Problem details: Return the data below exactly, please, but drop the pictures.
** Material provided follows **
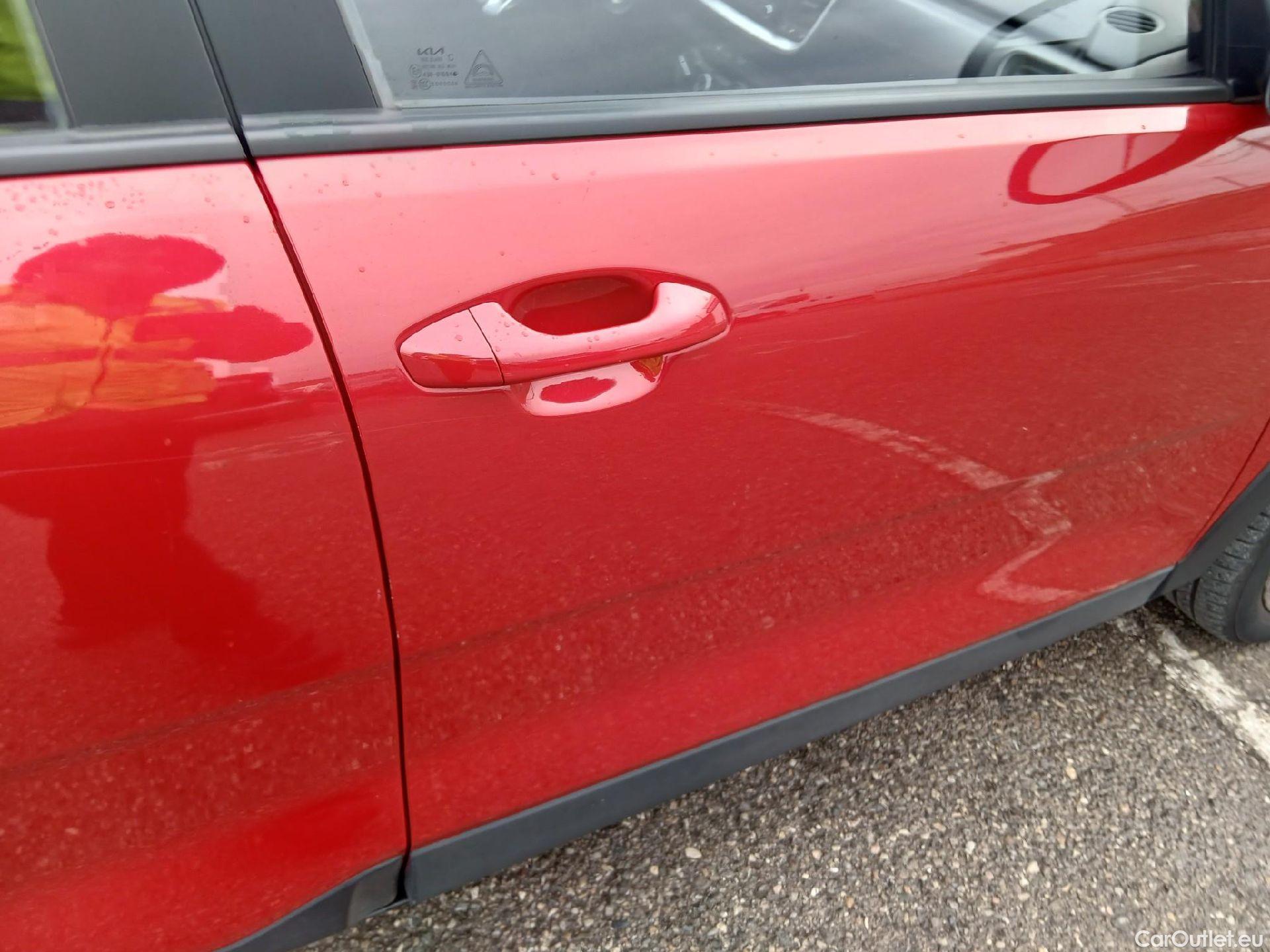  KIA  STONIC KIA  / 2017 / 5P / todoterreno 1.0 T-GDi 74kW (100CV) MHEV iMT Concept #25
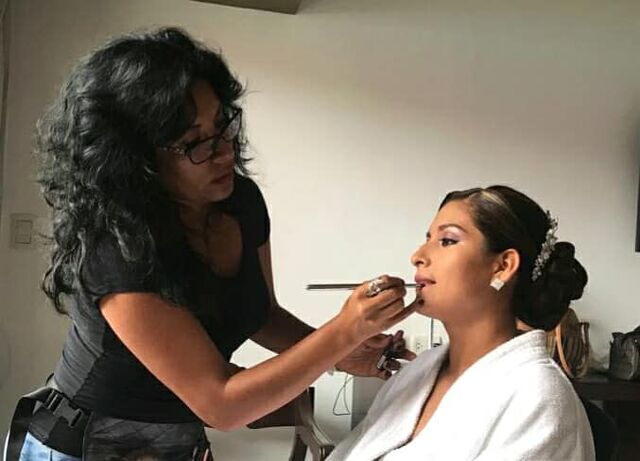 Rocío Calderón Makeup Studio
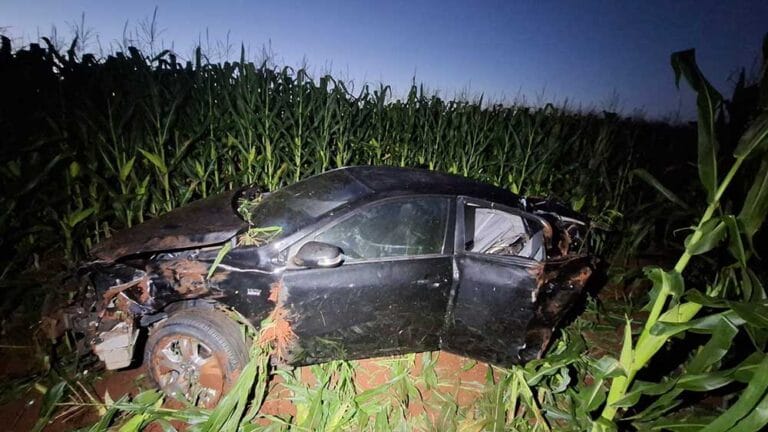 Toyota Corolla após sair da PR-090 e parar em uma plantação de milho, em Alvorada do Sul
** End of Material provided **
Result of the exercise:
  KIA  STONIC KIA  / 2017 / 5P / todoterreno 1.0 T-GDi 74kW (100CV) MHEV iMT Concept #25
 Rocío Calderón Makeup Studio
 Toyota Corolla após sair da PR-090 e parar em uma plantação de milho, em Alvorada do Sul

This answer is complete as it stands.